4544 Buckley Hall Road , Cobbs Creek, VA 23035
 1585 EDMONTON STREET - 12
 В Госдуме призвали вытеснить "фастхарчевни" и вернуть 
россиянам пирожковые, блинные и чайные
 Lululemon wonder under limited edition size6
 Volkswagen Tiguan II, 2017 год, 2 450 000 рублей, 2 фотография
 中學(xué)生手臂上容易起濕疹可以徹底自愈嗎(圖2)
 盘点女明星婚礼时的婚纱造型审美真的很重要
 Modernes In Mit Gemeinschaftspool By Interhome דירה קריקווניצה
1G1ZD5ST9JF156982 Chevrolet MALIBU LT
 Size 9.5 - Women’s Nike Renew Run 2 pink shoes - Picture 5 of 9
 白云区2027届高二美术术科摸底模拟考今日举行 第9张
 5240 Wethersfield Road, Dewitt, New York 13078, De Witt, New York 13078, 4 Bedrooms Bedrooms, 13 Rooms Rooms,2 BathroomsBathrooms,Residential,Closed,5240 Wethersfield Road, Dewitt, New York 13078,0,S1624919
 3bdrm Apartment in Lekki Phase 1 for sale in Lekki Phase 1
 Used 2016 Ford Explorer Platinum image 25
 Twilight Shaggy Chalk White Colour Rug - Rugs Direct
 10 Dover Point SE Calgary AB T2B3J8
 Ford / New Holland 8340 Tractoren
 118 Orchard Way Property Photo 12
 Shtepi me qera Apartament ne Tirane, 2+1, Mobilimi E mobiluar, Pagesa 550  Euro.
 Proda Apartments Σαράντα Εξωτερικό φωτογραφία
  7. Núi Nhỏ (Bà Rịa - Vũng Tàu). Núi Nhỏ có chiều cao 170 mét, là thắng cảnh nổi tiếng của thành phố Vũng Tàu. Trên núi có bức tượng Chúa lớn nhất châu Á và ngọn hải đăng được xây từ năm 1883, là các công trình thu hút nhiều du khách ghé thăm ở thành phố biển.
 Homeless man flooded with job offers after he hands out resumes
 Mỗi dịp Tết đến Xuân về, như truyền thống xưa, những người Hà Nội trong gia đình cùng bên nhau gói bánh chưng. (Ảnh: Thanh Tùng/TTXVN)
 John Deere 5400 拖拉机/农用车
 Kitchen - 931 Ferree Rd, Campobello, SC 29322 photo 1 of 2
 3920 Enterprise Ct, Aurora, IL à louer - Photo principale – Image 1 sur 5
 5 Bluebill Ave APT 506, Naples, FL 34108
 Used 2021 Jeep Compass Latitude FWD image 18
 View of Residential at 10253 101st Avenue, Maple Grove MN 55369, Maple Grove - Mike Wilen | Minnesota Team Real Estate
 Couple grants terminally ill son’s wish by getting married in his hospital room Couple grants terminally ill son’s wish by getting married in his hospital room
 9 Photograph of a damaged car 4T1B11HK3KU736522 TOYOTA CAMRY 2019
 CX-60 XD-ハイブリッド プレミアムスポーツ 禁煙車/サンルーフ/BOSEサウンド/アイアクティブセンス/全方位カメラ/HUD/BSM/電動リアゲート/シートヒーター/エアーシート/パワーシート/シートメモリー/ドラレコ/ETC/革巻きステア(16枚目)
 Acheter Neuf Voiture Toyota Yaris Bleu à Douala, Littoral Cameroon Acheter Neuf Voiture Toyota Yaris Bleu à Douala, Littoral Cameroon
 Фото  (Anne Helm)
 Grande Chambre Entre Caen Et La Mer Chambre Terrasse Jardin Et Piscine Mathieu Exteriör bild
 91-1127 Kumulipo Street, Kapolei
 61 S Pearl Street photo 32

• **Assignment**
If a line in the records above holds the string "Residential", copy it out.

• **Solution to this task**
 5240 Wethersfield Road, Dewitt, New York 13078, De Witt, New York 13078, 4 Bedrooms Bedrooms, 13 Rooms Rooms,2 BathroomsBathrooms,Residential,Closed,5240 Wethersfield Road, Dewitt, New York 13078,0,S1624919
 View of Residential at 10253 101st Avenue, Maple Grove MN 55369, Maple Grove - Mike Wilen | Minnesota Team Real Estate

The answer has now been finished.